When you arrive at Vernon, you have 3 choices to get to Monet’s museum. First, by bus. There is a bus stop near the station. Second, by bicycle. This was our option. Since it was a beautiful day, we liked to do a little exercise outside. There are two cafes in front of the station, and they are renting bicycles ( 10 euros a day for one bicycle). I’ll say, by bicycle you can enjoy more things than when you use a bus, because a path for cyclists is provided and it runs through the nature. It was really great. And the third choice is on foot. If your schedule is not tight, it’s also possible.
Just go straight on this path (the picture above on the left). I didn’t see many people on that day, because it was a little early in the morning, but in the afternoon there were people walking, cycling, roller-braiding, or reading on the bench.
After 30 minutes or so, pedaling on and off, I found the street named “Rue Claude MONET.” This is the start of a very calm village, Giverny. Some houses are holding a sign “B&B,” or “Fresh Cider.” People here are living a really tranquil life. And Monet’s house is almost there.
This church stands on the same street, and next to the building Monet is sleeping quietly surrounded by numerous flowers.

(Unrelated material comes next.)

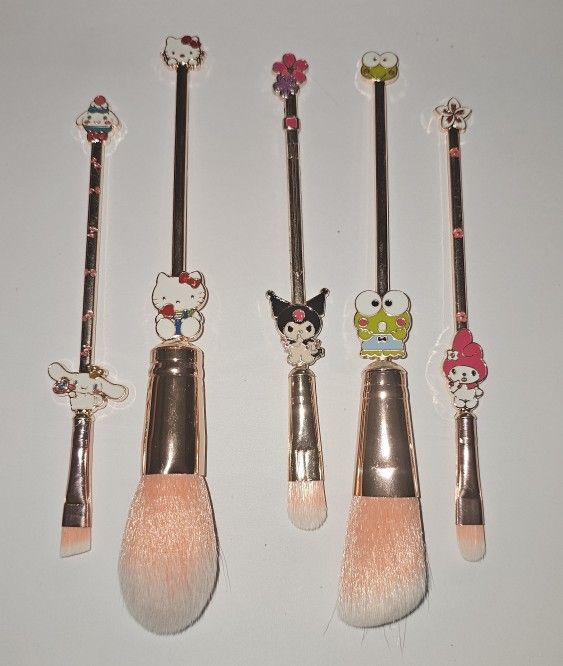 Brand New! Hello Kitty & Friends Makeup Brush Set π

Finally, we arrived at Monet’s house. It was still around 10 o’clock in the morning, but many people were waiting in line in front of the ticket gate. Parking our bicycles, we hurried to get in the line, and waited and waited. We may have taken too much time on the way. After paying €5.50 for the ticket, we entered the building, and down the staircase was a souvenir shop. Various goods with a logo “Monet” are sold there, and it was hard for me to resist the temptation, just like other visitors. Everyone needs something to prove that he has been to the place! My husband and I bought a calendar for 2008!! But don’t waste too much time there!!
Then, we came into Monet’s garden. My first impression there was “how picturesque!”
Look at those beautiful flowers. How wonderful it would be to live in such a house filled with colorful flowers! The scent of flowers is wafting in the wind and calms people’s minds. When we visited there, it was April, and we saw many tulips, pansies and daffodils. If I had a chance to live in such an environment, I would feel like painting a picture every day.
This is Monet’s Atelier painted in pink and green. It is definitely a part of the garden, or maybe the garden is a part of the atelier. They are a perfect match.
Inside the building are a number of Japanese Ukiyoe prints (ukiyoe is a woodblock color print). Monet was admiring Ukiyoe art, saying that it has many movements in it. Some prints show an American, a British, a Dutch, a Portuguese, and a Russian, who visited Japan in the late 17th century, and many westerners are looking at them with curiosity in the modern time.
Then, outside again, but this time the landscape is totally different. This is the place where Monet started to work on his grand art work, “Waterlilies,” which later made him famous. It is now viewed by many people at Orangerie Museum in Paris.
To create this beautiful Water Garden, Monet had to ask for permission to dig ponds, and later he also built the elegant Japanese Bridge, now entirely restored. Taking a stroll in this garden may make you feel like you are walking in the painting.
I was fully enjoying the beauty on the bench for a while.
Fondation Claude Monet
86, rue Claude Monet – 27620 Giverny
TEL: 02 32 51 28 21
Closed ： Mon、 November~March *It’s open on Mon when a holiday falls on Mon.